Foreign students account for a large part of the increase.
A total of 87,000 new students started courses at a Swedish university for the 2007/2008 academic year – 5,800 more than the previous year and the first significant rise since 2002, according to the study compiled for the agency by Statistics Sweden (SCB).
“Students from abroad” – defined as exchange students and ‘free movers’ organizing their own studies – have steadily increased in number since the late 1990s and in 2007/2008 accounted for 25 percent of the total.
In 2007/2008, 21,800 students from abroad enrolled for courses at Swedish universities, up from 7,200 in 1998/1999.
Lena Eriksson at the National Agency for Higher Education told The Local on Monday that several factors are likely behind the increase.
“There has indeed been an increase in students from abroad, perhaps as a result of the Bologna process, but also the downturn in the labour market is a factor.
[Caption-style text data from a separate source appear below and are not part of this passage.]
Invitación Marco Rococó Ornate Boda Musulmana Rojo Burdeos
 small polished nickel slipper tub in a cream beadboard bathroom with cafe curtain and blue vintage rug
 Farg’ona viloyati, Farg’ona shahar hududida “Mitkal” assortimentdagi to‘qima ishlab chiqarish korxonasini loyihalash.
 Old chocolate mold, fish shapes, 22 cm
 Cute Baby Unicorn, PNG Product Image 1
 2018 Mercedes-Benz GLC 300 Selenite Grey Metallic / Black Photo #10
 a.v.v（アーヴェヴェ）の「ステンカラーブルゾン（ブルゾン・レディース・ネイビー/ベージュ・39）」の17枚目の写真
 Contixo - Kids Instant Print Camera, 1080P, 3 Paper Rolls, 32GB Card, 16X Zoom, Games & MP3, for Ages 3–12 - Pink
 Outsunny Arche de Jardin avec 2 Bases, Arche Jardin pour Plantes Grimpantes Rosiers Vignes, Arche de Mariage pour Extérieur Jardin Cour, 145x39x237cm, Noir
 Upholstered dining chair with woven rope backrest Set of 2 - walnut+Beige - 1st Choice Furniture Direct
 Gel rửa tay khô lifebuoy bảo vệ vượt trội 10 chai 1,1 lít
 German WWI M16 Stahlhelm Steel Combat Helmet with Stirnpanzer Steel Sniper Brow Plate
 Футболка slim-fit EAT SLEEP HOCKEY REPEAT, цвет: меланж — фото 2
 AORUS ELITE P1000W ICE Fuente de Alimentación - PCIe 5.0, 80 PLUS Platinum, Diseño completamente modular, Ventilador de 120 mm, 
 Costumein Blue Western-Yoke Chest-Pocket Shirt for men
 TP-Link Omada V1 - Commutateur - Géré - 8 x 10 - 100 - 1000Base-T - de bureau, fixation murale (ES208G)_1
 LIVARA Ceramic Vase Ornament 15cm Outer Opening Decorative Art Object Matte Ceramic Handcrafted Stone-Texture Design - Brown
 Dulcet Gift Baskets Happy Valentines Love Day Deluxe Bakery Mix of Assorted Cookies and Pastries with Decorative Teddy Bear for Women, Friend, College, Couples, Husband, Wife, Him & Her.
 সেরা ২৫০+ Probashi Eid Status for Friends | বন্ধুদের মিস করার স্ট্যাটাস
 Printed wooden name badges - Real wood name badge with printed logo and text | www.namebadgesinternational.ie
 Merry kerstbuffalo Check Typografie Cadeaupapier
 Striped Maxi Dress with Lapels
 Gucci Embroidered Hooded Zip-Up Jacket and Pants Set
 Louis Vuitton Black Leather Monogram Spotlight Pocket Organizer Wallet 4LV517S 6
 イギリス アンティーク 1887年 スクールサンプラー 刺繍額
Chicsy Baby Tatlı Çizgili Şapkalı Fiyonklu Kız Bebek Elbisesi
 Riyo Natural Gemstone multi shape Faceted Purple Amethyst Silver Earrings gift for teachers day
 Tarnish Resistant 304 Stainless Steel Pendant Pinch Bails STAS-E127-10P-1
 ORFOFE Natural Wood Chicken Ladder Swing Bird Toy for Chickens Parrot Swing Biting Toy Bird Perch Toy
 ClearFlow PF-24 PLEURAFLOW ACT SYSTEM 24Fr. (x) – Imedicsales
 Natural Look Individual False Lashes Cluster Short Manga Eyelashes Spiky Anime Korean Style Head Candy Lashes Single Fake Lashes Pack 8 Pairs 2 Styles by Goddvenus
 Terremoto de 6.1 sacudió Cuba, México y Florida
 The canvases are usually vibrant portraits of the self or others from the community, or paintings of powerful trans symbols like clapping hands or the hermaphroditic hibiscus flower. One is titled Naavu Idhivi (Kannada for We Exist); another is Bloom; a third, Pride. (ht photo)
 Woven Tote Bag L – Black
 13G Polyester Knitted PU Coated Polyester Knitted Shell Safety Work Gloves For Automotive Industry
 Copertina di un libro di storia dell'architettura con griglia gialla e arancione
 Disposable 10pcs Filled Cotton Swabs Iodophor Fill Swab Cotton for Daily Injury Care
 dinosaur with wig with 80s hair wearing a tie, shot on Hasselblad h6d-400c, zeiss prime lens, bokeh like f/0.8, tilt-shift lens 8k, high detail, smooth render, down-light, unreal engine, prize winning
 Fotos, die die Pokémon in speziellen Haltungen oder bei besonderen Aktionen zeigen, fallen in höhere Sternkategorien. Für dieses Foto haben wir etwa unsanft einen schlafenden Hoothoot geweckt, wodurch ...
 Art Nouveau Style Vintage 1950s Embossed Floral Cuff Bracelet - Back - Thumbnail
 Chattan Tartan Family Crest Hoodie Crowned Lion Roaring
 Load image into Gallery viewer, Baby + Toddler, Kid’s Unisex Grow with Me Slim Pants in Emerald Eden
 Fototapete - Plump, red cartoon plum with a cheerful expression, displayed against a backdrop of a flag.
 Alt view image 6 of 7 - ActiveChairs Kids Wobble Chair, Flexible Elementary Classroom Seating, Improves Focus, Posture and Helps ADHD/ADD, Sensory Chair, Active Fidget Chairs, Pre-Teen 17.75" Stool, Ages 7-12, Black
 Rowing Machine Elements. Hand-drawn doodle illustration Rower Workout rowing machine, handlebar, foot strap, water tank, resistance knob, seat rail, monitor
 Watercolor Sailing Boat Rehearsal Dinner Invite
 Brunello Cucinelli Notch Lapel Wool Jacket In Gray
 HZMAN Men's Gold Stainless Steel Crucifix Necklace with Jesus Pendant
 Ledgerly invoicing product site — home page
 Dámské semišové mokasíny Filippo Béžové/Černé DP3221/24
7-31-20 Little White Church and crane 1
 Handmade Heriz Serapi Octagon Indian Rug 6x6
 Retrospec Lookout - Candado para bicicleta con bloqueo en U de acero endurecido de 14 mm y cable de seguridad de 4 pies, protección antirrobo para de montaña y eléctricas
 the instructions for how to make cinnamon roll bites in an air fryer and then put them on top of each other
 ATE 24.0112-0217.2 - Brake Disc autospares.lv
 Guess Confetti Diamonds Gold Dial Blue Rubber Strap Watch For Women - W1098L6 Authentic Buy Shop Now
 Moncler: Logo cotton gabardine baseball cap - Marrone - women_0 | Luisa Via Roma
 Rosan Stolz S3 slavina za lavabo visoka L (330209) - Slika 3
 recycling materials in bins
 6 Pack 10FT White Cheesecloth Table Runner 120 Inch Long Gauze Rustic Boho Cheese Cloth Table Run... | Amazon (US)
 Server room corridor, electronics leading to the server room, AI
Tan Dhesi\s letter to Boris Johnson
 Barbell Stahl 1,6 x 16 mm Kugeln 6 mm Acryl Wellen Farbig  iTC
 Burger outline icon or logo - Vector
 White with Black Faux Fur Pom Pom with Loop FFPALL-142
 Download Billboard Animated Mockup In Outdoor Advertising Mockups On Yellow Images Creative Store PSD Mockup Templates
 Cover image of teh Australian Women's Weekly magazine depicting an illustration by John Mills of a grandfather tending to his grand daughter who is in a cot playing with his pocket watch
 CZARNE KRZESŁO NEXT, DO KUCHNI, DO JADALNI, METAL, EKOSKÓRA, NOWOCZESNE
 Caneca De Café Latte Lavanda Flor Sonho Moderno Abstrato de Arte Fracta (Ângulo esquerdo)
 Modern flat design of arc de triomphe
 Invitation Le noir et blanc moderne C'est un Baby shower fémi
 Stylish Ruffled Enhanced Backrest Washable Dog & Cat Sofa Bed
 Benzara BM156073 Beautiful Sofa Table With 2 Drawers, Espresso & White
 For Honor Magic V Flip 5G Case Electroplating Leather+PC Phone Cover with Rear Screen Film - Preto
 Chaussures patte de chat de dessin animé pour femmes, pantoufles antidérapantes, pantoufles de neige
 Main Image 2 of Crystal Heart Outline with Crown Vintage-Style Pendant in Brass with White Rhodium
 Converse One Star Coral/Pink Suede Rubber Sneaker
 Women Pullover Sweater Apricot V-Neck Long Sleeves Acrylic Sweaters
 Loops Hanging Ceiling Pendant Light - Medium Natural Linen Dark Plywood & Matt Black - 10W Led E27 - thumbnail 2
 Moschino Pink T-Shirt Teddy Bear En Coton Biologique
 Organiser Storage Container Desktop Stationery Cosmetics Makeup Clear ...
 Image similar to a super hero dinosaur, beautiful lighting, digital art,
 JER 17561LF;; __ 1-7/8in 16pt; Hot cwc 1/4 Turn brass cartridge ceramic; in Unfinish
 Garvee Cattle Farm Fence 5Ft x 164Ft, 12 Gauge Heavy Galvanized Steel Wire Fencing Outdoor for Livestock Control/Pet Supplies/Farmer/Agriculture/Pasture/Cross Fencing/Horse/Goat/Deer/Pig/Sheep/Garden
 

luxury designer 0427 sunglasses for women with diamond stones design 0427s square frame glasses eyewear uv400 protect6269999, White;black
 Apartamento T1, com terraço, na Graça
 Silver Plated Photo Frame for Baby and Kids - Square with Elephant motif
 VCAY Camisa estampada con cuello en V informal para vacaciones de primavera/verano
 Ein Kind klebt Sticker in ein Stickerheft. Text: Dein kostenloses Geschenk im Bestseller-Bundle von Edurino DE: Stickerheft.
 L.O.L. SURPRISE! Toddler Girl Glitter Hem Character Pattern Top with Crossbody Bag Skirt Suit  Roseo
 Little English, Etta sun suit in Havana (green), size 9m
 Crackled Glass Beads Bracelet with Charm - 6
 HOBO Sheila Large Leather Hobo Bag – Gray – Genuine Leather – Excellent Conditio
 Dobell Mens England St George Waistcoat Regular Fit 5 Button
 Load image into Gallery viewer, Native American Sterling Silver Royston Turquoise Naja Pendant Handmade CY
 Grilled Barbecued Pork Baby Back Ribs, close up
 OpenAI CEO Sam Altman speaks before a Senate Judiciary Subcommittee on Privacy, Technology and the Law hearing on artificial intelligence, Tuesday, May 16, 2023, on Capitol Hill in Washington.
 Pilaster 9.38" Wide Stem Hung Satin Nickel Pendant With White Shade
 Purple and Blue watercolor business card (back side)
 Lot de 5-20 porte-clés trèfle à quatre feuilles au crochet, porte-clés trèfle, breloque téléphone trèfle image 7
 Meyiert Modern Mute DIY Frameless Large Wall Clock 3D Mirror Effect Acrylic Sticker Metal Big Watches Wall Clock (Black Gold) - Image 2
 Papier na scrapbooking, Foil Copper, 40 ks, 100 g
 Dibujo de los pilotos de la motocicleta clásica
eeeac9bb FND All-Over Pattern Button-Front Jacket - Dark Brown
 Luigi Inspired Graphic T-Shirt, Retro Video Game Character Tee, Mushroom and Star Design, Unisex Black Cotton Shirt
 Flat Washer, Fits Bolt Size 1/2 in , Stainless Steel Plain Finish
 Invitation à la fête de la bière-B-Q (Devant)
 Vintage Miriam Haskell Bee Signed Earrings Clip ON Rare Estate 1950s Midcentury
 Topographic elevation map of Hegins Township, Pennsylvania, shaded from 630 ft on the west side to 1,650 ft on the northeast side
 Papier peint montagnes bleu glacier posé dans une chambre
Experience tells us that more people study when there are fewer jobs,” she said.
“Furthermore there are large numbers of 19-year-olds in Sweden at the moment and many of these are now starting to study.”
The figures also indicate the increasing popularity of distance-learning courses with over 101,400 students pursuing the courses.
This represents more than 25 percent of the total number of 384,000 new and existing students at Swedish universities in 2007/2008, up from 10 percent in 1997/1998.
A new structure for education and examinations was introduced in Sweden on July 1st 2007. The move is a step towards adapting higher education to Bologna – a process with the intention of increasing cooperation among European seat of higher learning and integrate higher education among European countries.
In a separate press release on Monday the agency published statistics showing that the number of “students with foreign backgrounds”, as distinct from “students from abroad”, are also on the increase at Swedish universities, but their representation varies greatly across the country.
This category is defined as students born overseas or having two parents born overseas (excluding adoptions). In contrast to the “students from abroad”, which are excluded, this category has a degree of longer term residency in Sweden.
Karolinska University in Solna has the highest proportion of students with a foreign background – with 38 percent of its total student body, followed by Södertörn University with 37 percent and the Royal Institute of Technology (KTH) with 29 percent.
With regard to students from abroad, KTH had the highest number in 2007/2008, followed by Lund University and Uppsala University.